◆ **Directions for this task**: Would you set down the data that follows, word for word, without any pictures?

◆ **Dataset content**:
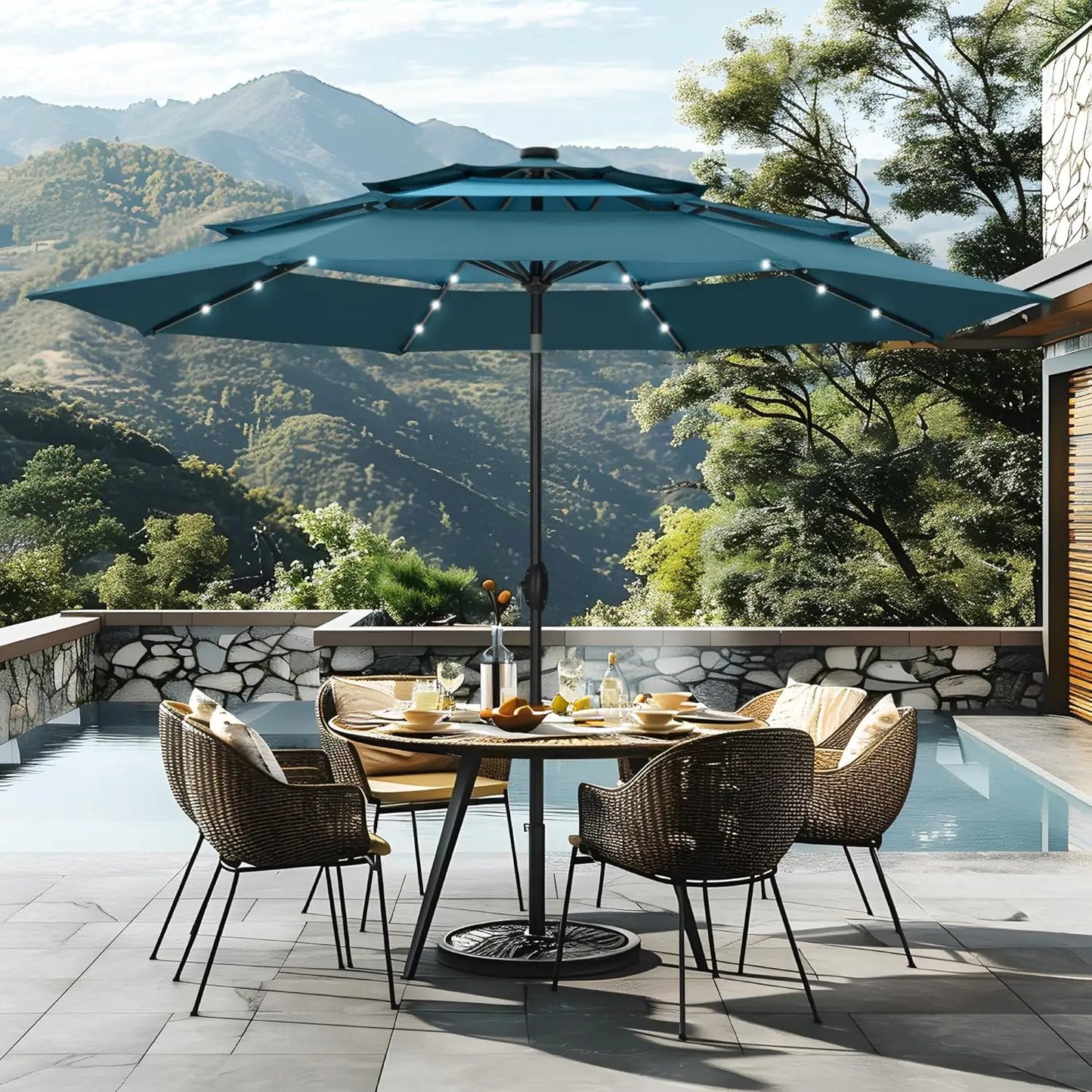 Three-Tier Ventilated Patio Umbrella with Adjustable Tilt and Lights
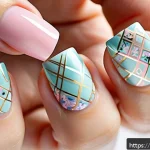 Home 18 네일 랩과 젤 네일의 차이 - A close-up image of a hand showcasing elegant Nail Wrap nails with intricate floral and geometric pa...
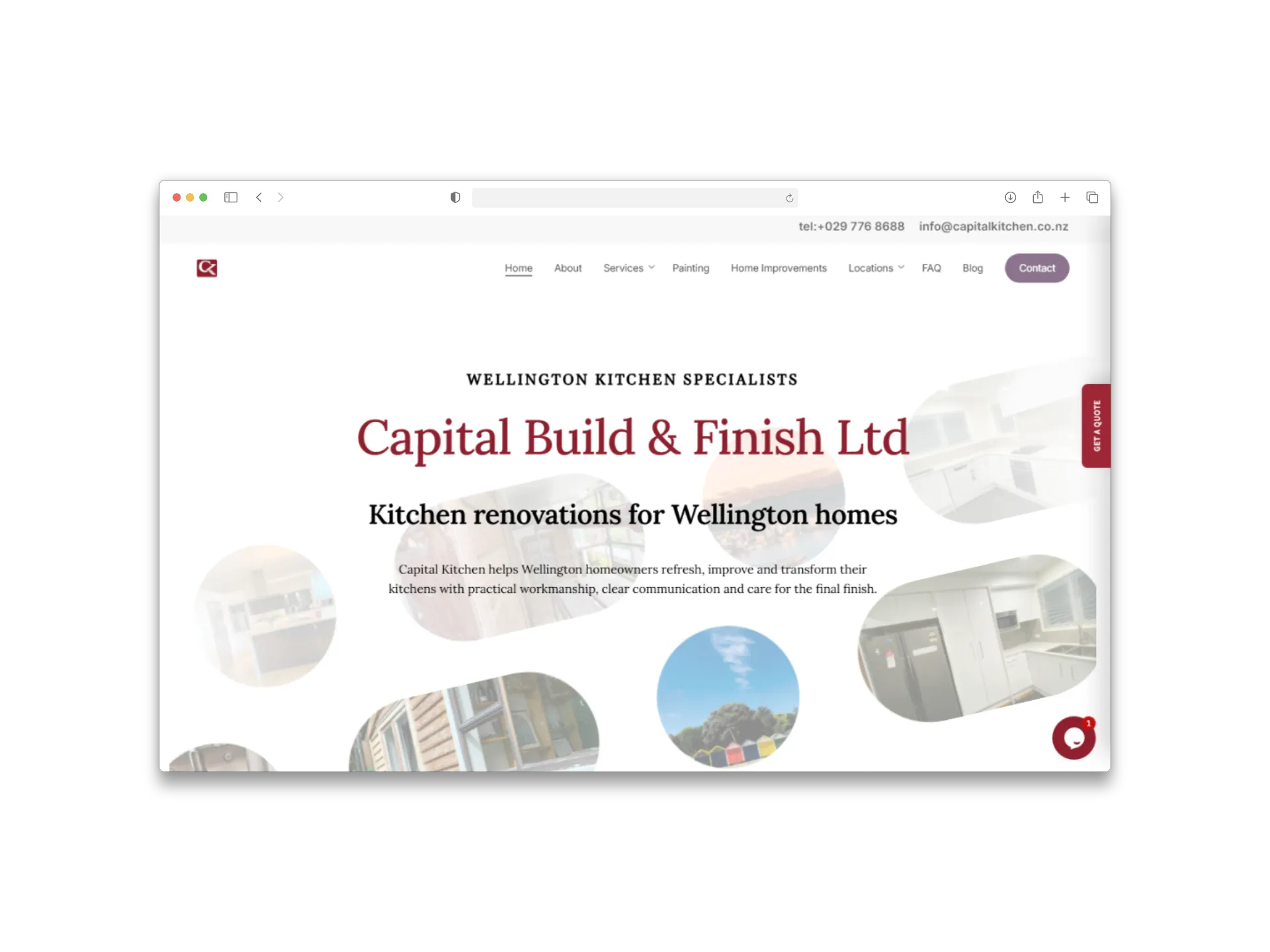 Capital Build & Finish Ltd website homepage shown in a browser frame.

◆ **Exercise answer**:
 Three-Tier Ventilated Patio Umbrella with Adjustable Tilt and Lights
 Home 18 네일 랩과 젤 네일의 차이 - A close-up image of a hand showcasing elegant Nail Wrap nails with intricate floral and geometric pa...
 Capital Build & Finish Ltd website homepage shown in a browser frame.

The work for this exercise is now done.